■ EXERCISE GOAL ■
Pictures aside, quote the whole listing exactly.

-------- THE DATA --------

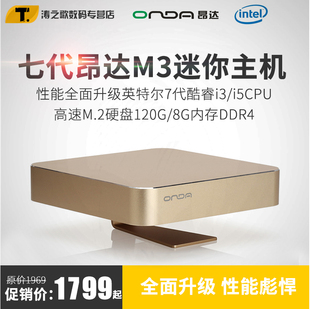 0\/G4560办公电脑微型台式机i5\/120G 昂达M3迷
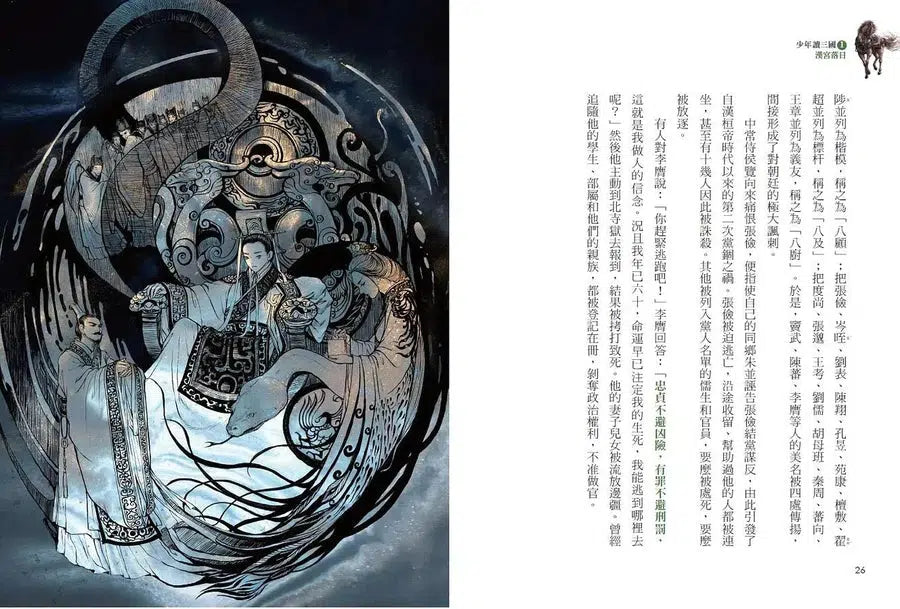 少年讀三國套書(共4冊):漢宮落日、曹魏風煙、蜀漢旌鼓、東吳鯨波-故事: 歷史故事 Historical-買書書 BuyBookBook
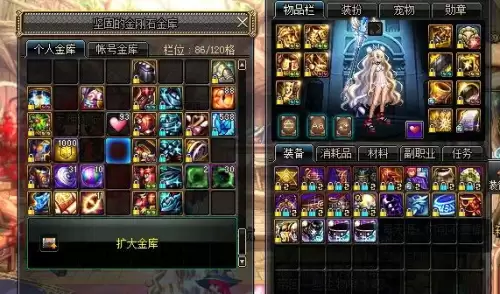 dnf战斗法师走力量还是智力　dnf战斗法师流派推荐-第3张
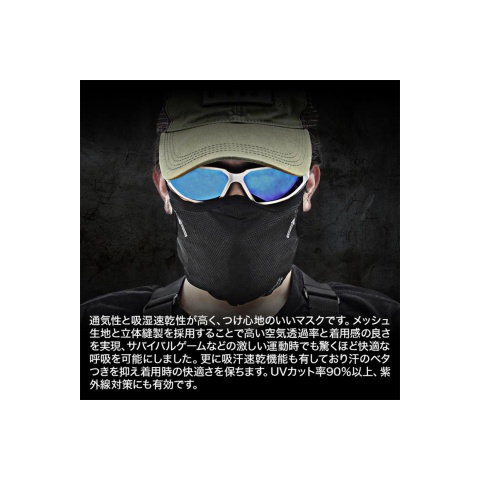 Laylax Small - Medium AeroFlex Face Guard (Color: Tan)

--------

■ SOLUTION FOR THIS TASK ■
 0\/G4560办公电脑微型台式机i5\/120G 昂达M3迷
 少年讀三國套書(共4冊):漢宮落日、曹魏風煙、蜀漢旌鼓、東吳鯨波-故事: 歷史故事 Historical-買書書 BuyBookBook
 dnf战斗法师走力量还是智力　dnf战斗法师流派推荐-第3张
 Laylax Small - Medium AeroFlex Face Guard (Color: Tan)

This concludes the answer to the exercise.